Pero hay que tener en cuenta que en ese momento no existía la cantidad de productos que existen ahora, ni los soportes en los que comunicar –aunque casi que era todo BTL- y el público vivía a otro ritmo, había más tiempo –o se aprovechaba de otra manera-. El exceso de mensajes no era un problema.

El pensamiento rupturista no es propiedad privada de esta era, movimientos artísticos como el Futurismo, la Bauhaus, han provocado al sistema desde sus inicios. La publicidad también debe aspirar a ese pensamiento que rompe con la actualidad, que llegue a esa persona que desde que se levantó hasta que se fue a dormir recibió un millón de estímulos, colores, ruidos, escotes, jingles y algún “escupitajo” inolvidable.

Aplausos.

El mensaje que se da “masticado” responde a este modelo de comunicación –ya que excede a la publicidad y se ve en todos los medios- recordamos a la serie Friends: Ross, Rachel, Chandler, etc. un estilo de sitcom que comenzaba con una situación simpática en un living, que se podía ir al departamento de enfrente, al café o al pasillo. “Amiguitos” mantenía esa linealidad discursiva de la que estamos hablando.

¿Cómo se crea sentido en la actualidad?

El mensaje novedoso está relacionado con no dar todo resuelto, en que sea el receptor quien tome parte del mensaje, lo adopte y lo complete con algo de su propia individualidad, que quede “algo a su criterio”, citando a la célebre frase de Karina Olga.

Aquí podemos mencionar a la malograda serie Lost, si bien fue un éxito comercial, el final no dejó satisfechos a muchos, pero deja algo analizar.
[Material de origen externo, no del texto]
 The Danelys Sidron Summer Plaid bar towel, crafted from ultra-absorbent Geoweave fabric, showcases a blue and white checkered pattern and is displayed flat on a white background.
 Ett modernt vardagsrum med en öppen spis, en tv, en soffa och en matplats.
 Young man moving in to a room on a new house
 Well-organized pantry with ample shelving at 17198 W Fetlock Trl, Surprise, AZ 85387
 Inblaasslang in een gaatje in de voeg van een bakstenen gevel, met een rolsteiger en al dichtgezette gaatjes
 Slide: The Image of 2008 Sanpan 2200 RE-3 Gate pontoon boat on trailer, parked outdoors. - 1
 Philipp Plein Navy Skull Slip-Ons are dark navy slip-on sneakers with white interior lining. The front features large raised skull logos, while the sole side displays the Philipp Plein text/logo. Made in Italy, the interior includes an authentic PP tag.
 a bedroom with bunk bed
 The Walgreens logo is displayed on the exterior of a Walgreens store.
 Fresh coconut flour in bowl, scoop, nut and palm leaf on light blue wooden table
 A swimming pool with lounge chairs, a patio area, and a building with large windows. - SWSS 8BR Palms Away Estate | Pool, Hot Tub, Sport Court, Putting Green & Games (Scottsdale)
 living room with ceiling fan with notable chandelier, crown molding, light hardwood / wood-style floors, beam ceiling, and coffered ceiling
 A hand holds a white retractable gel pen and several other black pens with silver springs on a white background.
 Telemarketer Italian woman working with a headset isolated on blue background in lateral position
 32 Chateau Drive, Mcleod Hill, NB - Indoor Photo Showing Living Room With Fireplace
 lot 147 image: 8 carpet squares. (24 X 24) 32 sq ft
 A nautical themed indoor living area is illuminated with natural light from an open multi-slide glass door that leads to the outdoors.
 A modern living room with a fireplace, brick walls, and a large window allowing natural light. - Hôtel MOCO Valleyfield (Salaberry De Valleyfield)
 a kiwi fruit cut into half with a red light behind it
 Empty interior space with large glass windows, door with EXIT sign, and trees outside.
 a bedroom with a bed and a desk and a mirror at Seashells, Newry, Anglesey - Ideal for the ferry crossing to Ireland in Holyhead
Un discurso no lineal, con idas y venidas, problemas y elementos externos sin génesis, algo que se parecía más a la vida misma, no tanto a una vida lujosa entre livings cafés y gente demasiado ocurrente.

La publicidad no necesita una isla y un montón de gente muerta para sobresalir, pero cuando se busca un mensaje que no esté masticado, que no sea lineal y que no repita el “comprá, esto, acá, a este precio” que los cerebros aprendieron a bloquear, puede darnos información interesante, que la gente elija ver porque significa algo para ellos, porque en el fondo tiene algo tuyo, mío, de cada quien.